Tuesday, May 27, 2008

I was wrong, the UN does accomplish a few things

Sex abuse by peacekeepers still a problem, says report

A Save the Children report says that efforts to prevent the abuse of children in Haiti, Ivory Coast, and South Sudan are falling short.

By Mike Pflanz Correspondent of The Christian Science Monitor
from the May 27, 2008 edition


Man, Ivory Coast - Half a year before 12-year-old Elizabeth was raped by 10 United Nations peacekeepers, a gathering of the world's humanitarian agencies hammered out promises to end sexual abuse of children by aid staff.

Much more would be done, promised delegates at the Dec. 2006 conference in New York. Investigations would be faster, punishments harsher, codes of conduct strengthened.
But the findings of an investigation released Tuesday by Save The Children suggest that these commitments are still, largely, words on paper.

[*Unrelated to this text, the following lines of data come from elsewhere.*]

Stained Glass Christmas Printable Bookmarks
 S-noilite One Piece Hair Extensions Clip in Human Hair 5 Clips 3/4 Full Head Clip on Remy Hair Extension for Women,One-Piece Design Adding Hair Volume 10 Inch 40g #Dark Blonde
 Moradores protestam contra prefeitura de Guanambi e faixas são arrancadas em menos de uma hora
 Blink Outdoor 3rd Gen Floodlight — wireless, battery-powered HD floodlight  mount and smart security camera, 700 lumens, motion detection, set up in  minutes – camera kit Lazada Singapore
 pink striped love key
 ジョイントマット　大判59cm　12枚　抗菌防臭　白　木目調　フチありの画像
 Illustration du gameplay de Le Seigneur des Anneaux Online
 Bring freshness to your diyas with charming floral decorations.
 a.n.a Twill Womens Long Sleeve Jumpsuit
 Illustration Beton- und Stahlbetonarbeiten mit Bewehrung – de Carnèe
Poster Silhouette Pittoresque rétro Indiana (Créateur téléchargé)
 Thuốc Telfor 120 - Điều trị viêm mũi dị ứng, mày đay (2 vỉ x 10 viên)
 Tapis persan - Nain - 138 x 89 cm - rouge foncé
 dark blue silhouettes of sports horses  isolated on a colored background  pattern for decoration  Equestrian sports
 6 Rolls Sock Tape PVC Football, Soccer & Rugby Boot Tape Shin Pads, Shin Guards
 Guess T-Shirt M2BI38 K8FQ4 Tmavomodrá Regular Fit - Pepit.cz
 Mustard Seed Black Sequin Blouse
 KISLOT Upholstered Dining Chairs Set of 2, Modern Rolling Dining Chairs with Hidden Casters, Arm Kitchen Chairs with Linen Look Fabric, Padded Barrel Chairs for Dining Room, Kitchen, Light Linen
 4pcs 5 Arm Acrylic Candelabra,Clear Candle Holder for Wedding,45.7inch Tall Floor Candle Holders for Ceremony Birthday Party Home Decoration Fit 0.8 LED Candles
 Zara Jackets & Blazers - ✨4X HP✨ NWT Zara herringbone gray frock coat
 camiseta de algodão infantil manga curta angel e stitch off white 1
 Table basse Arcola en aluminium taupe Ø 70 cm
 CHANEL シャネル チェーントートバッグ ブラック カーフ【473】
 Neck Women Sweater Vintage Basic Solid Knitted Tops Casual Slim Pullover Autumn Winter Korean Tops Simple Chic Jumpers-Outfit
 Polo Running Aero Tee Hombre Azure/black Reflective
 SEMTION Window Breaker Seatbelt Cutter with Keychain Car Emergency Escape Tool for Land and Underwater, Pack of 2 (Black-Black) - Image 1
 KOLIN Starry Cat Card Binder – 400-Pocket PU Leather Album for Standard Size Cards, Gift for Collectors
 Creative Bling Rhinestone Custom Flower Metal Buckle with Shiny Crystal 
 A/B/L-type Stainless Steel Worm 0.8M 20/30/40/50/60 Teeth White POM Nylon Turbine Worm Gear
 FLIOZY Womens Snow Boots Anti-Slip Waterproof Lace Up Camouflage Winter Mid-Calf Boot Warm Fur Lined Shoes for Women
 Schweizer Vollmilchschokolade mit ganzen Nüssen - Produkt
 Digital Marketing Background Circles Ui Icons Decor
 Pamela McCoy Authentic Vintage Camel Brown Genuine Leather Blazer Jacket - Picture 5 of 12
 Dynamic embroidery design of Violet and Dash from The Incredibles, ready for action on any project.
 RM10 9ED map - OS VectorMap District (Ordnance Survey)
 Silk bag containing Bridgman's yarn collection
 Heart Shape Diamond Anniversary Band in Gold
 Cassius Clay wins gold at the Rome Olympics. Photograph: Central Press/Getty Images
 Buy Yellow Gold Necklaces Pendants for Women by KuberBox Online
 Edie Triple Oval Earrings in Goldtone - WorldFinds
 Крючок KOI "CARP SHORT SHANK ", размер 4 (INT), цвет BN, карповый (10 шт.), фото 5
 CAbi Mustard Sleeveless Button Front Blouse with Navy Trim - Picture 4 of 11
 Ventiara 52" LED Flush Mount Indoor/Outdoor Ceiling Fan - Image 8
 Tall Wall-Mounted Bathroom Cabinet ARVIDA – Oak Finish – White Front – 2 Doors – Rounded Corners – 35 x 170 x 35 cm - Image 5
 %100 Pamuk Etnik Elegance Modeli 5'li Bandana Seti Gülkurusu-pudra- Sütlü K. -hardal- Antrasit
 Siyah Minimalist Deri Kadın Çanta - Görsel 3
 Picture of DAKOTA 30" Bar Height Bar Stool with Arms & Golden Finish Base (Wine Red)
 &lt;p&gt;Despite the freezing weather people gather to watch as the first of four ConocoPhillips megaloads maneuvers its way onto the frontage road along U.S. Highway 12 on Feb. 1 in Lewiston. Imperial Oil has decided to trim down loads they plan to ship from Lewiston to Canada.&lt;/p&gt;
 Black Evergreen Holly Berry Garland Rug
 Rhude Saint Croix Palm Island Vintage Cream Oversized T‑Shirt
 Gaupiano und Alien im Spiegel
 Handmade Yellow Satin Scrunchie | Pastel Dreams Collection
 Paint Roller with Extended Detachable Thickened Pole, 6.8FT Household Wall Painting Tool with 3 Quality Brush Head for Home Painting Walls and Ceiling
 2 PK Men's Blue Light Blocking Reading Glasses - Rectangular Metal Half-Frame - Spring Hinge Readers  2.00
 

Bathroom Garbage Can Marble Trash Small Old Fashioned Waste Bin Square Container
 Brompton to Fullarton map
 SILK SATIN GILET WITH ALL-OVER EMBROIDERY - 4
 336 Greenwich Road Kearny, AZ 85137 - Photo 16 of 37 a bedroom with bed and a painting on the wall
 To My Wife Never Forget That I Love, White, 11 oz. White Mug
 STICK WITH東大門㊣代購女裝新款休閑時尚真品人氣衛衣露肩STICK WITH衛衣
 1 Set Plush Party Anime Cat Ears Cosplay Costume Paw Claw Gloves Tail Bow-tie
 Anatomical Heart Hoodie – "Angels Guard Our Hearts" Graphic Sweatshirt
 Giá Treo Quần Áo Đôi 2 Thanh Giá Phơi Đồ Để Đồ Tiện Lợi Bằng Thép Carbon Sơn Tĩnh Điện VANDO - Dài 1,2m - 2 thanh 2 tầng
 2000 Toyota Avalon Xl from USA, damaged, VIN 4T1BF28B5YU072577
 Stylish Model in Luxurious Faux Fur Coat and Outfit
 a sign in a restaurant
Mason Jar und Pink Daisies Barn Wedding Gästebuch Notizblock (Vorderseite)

Of the 341 children in Haiti, South Sudan, and Ivory Coast who spoke to the British agency during its 12 month investigation, more than half reported cases of being coerced into sex, often in return for the very food or protection aid staff or peacekeepers were there to provide.

A third knew of cases of children who had been raped.

Elizabeth (not her real name) knew nothing of the commitments to stop this exploitation as she walked to her mother's fields with her brother early one June morning last year close to Man, 375 miles northwest of Ivory Coast's commercial capital, Abidjan.

The men with the blue helmets who called to her from behind the sandbags of their camp's guard position, however, should have known.

The United Nations, to whom they were contracted as peacekeepers, has said repeatedly that it drills into its staff and representatives a code of conduct which explicitly forbids sexual interaction with people under 18.

"They called my little brother over and gave him biscuits," she told The Monitor last week in a village close to Man, as she nervously fiddled with the material of her yellow cotton skirt, her eyes downcast.

"I refused to go, but one man came to me and held me .... I could not flee. They were big men. Afterwards, I ran to my village. I was crying all night ...."

The girl who used to be, according to her aunt, "active and playful" is now withdrawn and fearful. She has dropped out of school, too afraid to leave the security of her parents' village.

She freezes at the sight of the white four-wheel-drive vehicles used by the UN and aid agencies who operate in this once war-torn corner of her country.

[...]

In Elizabeth's case, her family reported the rape the next day to the UN peacekeeping office. But no investigation was conducted.